In the first the initial world state is an input independent of mechanics. In the later the initial world state is an illusion (partly) determined by the output of the mechanics.
For instance, suppose that you're playing a fairly conventional D&D game, and the player declares that their PC wanders through the town at night, singing. The town is a typical fantasy one like Waterdeep or Greyhawk or Hardby or whatever. No GM actually has a map and key and related system for tracking (i) exactly where the PC walks, and (ii) where each guard is at each moment, and (iii) the disposition of each guard towards singers, such that from an initial world state there can be inferred an answer to the question does any guard harass the singing PC?
This is why, upthread, I posted that this is not simply the logic of the setting impressing itself upon the GM. Some decision must be made about what happens, if anything, to the night-strolling singer.

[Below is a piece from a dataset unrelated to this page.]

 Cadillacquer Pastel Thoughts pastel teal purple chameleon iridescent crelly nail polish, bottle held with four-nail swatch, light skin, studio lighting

The most traditional way to do this that I know of is a combination of an encounter roll (tells us if a guard, or anyone else, is near the PC) and a reaction roll (tells us how any NPC who is near the PC reacts to them). Those rolls generate how the world is (ie what people with what dispositions it contains at what particular places). The state of the world is the output of these game-mechanical processes.
Does this mean that the initial state of the world is an "illusion"? That's not a description I've ever heard, outside the context of threads like these. The process of encounter rolls and reaction rolls is basically as old as the hobby itself.
I'm not going to comment on BitD, which I don't know well enough; but in Burning Wheel, there are no encounter rolls and reaction rolls. Rather, the Sing roll has been used to perform the same function, namely, on its failure as interpreted by the GM, to determine that the night-strolling singing PC has been harassed by a guard.
This process centres the player (via their decision to make the Sing roll, the stakes that establishes both expressly and implicitly, the general rules for consequence-narration and scene (re)framing etc) in a way that differs from the system of encounter rolls and reaction rolls. That's not an accident: it's a key way in which Burning Wheel is deliberately different from more traditional and classic approaches to FRPGing.
But trying to articulate that difference not by reference to at-the-table processes, but rather in terms of the metaphysics of the fiction ("inorganic", "unconnected", "unfixed", "illusory", etc) is hopeless.